OK, the first three sections are fine but the fourth section is so bad it overshadows them completely.

The 25th Amendment to the U.S. Constitution is, bad; just, really, really bad.

OK, one section of it is just, really, really bad.

But that’s the one section anyone pays attention to, so it kinda sticks out.

The first three sections:

  • closes the debate over whether a Vice President succeeds a dead President or just becomes “acting” President
  • sets up a mechanism for getting a new Vice President if the old one is no longer operative
  • creates a method for a President to voluntarily step down for a bit

Those are fine. Really.

They solve small but real problems, and do a decent job of it.
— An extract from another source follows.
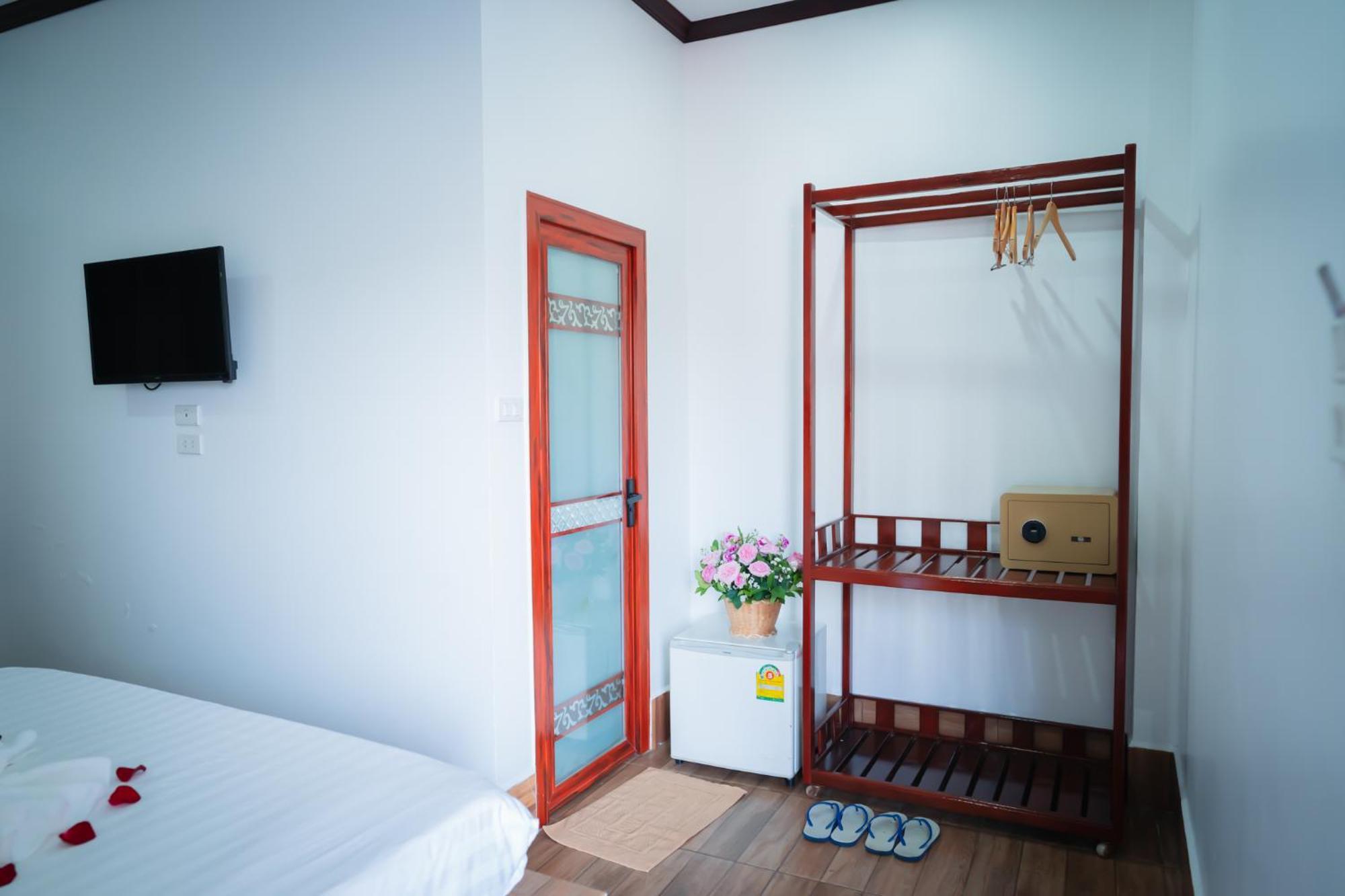 Vientiane Ruby Riverside Hotel Exterior photo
But Section 4 is a total stinker.

Section 4 defines a process by which a President can be removed against their will.

And it’s a mess.

First, continuing the ancient tradition that the United States is run by politicians rather than the actual people, it doesn’t allow for recall elections. These were well established in the West before this amendment, so they definitely knew how to do it, but ya can’t have folks getting directly involved in this kinda thing now can ya?

They might get … ideas.

So the process it sets up is:

  • the Vice President, who was chosen by that President, decides the President needs to be removed
  • they get a majority of the Cabinet, who were chosen by that President, to publicly agree
  • [there’s some back-and-forth if the President disagrees, which eventually goes to Congress]
  • the Vice President gets to be President

Seriously, the dude who starts it gets to be President at the end.

This is literally a formalized coup.

So that’s not good, to start with.

More importantly that the whole coup aspect, though, is the fact that it totally depends on a bunch of people that were selected by the President getting together to remove that President.
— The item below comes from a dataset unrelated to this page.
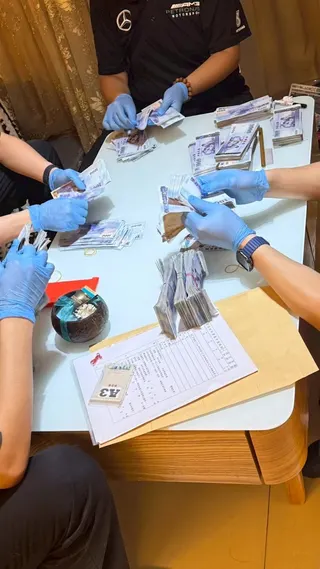 基隆地檢署5月查扣尚未走私出境的50台美超微高階AI伺服器。海巡署提供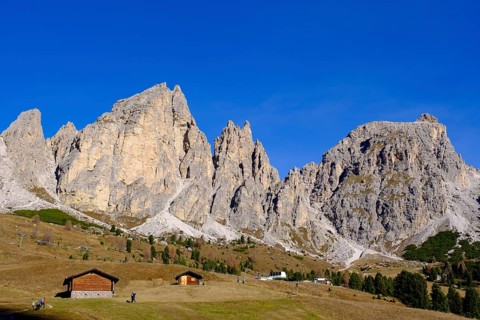 Cir peaks from the Gardena Pass, Val Gardena, Dolomites, South Tyrol, Italy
Did they not notice that, just maybe, Presidents might know about this and choose their Vice President and Cabinet with this possibility in mind?

It basically just guarantees that malicious Presidents will choose their Vice Presidents and Cabinet members mainly for personal loyalty, and it gives that President an incentive to corruptly reward them to keep them loyal.

This is a bad design.

It needs to depend on more than just a group of people who were selected personally by the President; it needs outsiders who have no reason to be personally indebted to the President but who would not personally benefit from seeing them removed.
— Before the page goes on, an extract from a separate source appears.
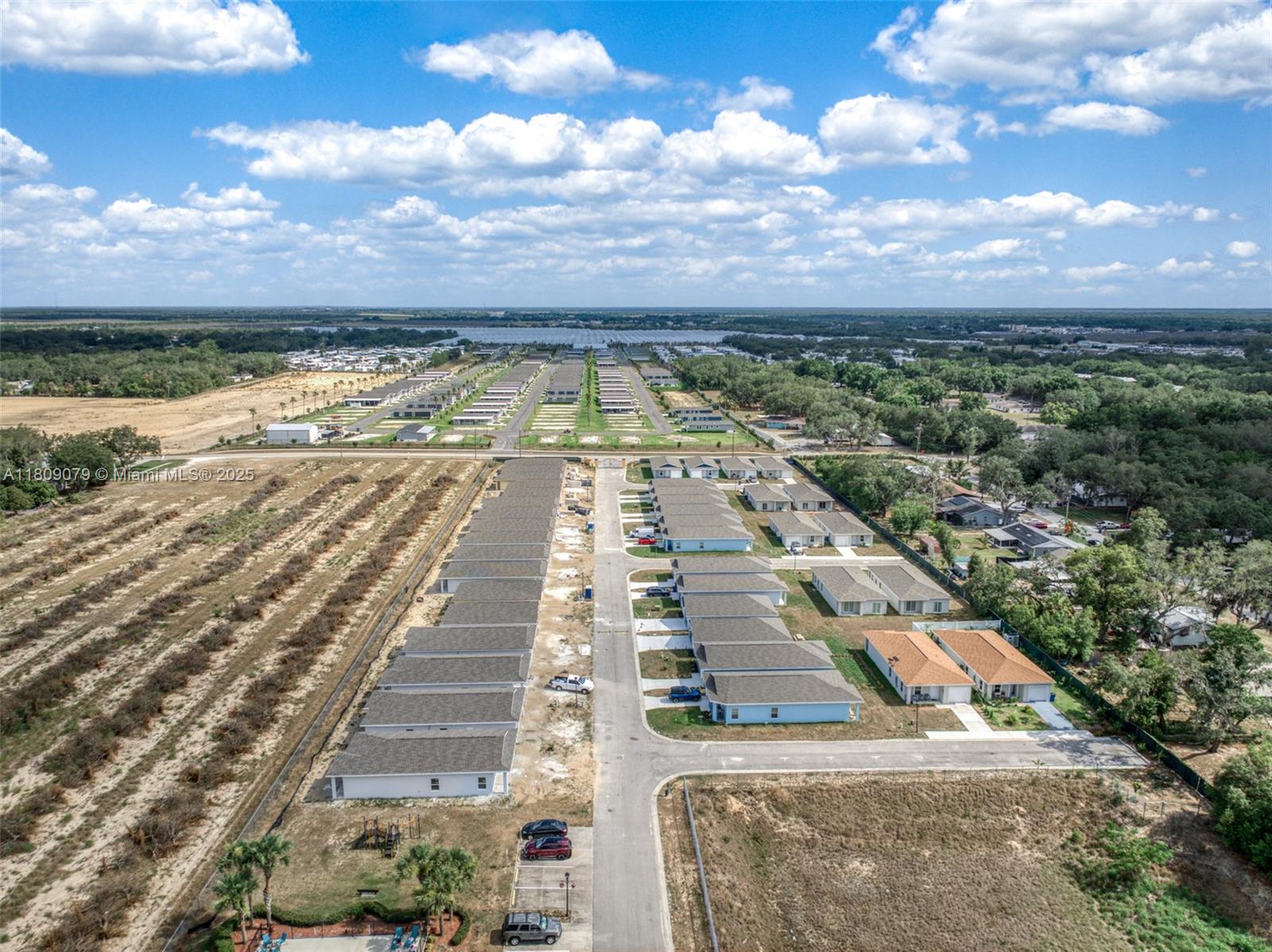 Las Villas at Kenilworth - Residential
It needs a Shadow President, and a Shadow Cabinet.

Swap them in for the Vice President and Cabinet and the rest of the process can be left pretty much as it is: the Shadow Cabinet removes the President, the Vice President takes over and Congress decides if there’s a disagreement over anything.

The required vote thresholds in Congress should probably be lowered as well, to reflect the fact that the Executive branch is also involved in the process so it should take less Congressional support than impeachment does.

This would, presumably, result in more Presidents being removed than with the current system but since the current system’s total is zero that would be the case with any effective replacement.